The scene is one of tense revelry. Resistance moms, 2020-hardened black bloc types, and everyone in between share space, sometimes chanting, sometimes singing, sometimes marching in silence – all aware that cops lurk on the periphery, and that with cops comes violence. Suddenly, we all hear a loud popping sound far away enough that we can’t quite pinpoint it. An acquaintance checks their phone; apparently the police just deployed tear gas.
I check my phone, too. Oh no, I realize, I have to leave. For my video game appointment.
I turn to tell the friend I accompanied to this immense Sunday, June 8 protest, a games journalist I will not name because they were out marching during work hours. “Me too,” they reply. “I’ve got one in, like, 40 minutes.”
Oh no, I realize, I have to leave. For my video game appointment.

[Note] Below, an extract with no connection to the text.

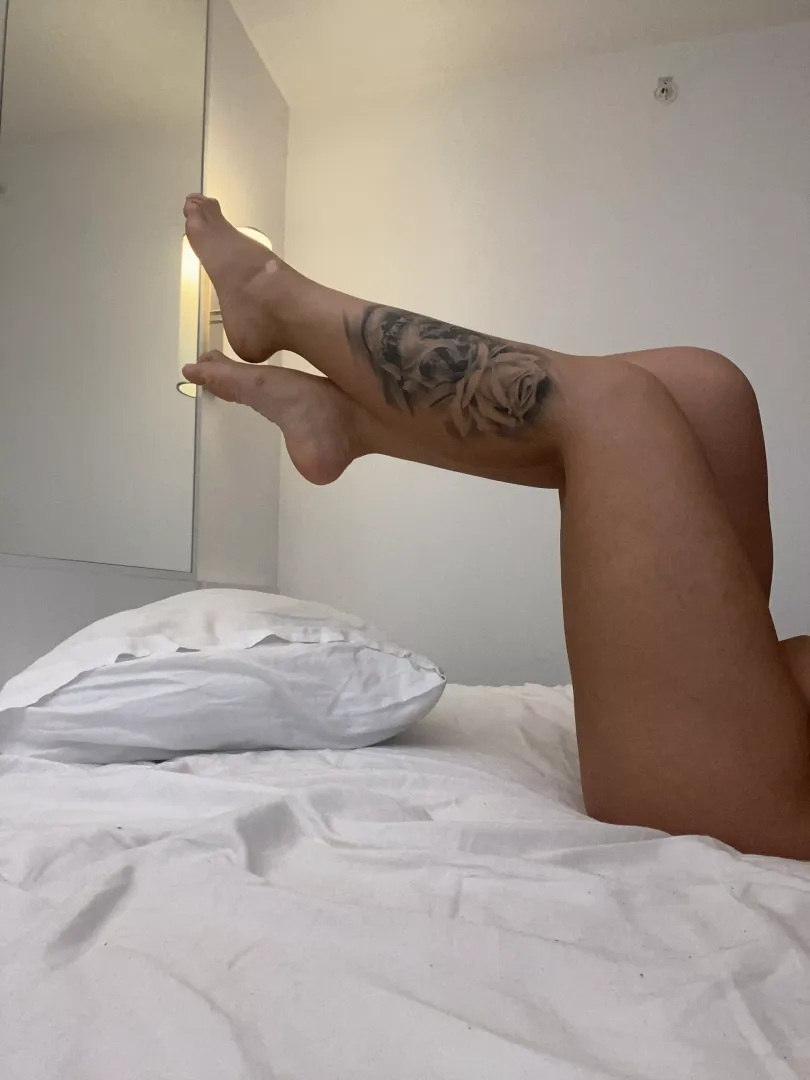 For connoisseurs of women's legs and beauty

There’s no calling a car in the kind of traffic these teeming streets have produced, so I resolve to run back to the site of Summer Game Fest’s Play Days event, a bonanza of demos and meeting opportunities meant to be a smaller stand-in for what E3 once was. Fortunately, the venue is only a little over a mile away from the still-swelling crowd, so I narrowly make it in time for my scheduled presentation of Capcom’s Onimusha: Way Of The Sword and Resident Evil 9. I am drenched in sweat, clothes clinging to me like I just emerged from a swimming pool. This attracts a few stares, but the problem solves itself when I’m escorted into a cool, dark theater occupied by around 30 other games journalists and content creators.
But the whiplash is impossible to ignore. Where the last crowd I was part of whooped and hollered in defense of their rights and the rights of others, this one goes positively apeshit for a menu option. The Resident Evil 9 demo, an understated affair that centers around a tall monster woman perhaps pointedly engineered to look un-hot, ends with the player pausing the game and switching from first-person – the viewpoint of the last couple mainline series entries – to third-person. The crowd goes wild. I feel like I’m on a different planet than I was less than an hour ago.

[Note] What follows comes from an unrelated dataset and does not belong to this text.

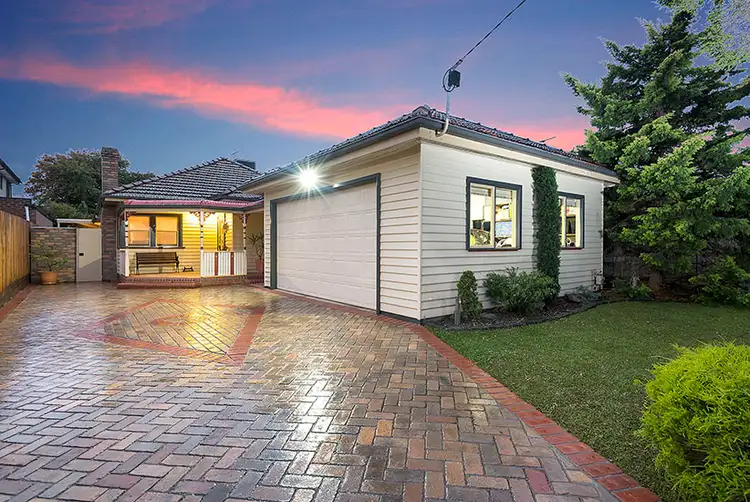 19 Dale Avenue, Pascoe Vale VIC 3044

Welcome to Summer Game Fest. Also, American society is collapsing, so welcome to that, too.
Sunday afternoon develops a predictable rhythm: I play a game. I check my phone. I play another game. I check my phone. I play a third game. I check my phone. Police, I learn from local reporters on Bluesky and Hasan Piker’s stream, have turned the chill, at times downright joyful march I was part of into a battleground. Using flashbangs, tear gas, and vehicles, they kettle protesters onto a highway. Reporters and protesters sustain grievous injuries from “less lethal” weapons, which crucially – even according to their own designation – remain at least situationally lethal. Protesters call automated Waymo cars to light on fire, which is incredibly funny.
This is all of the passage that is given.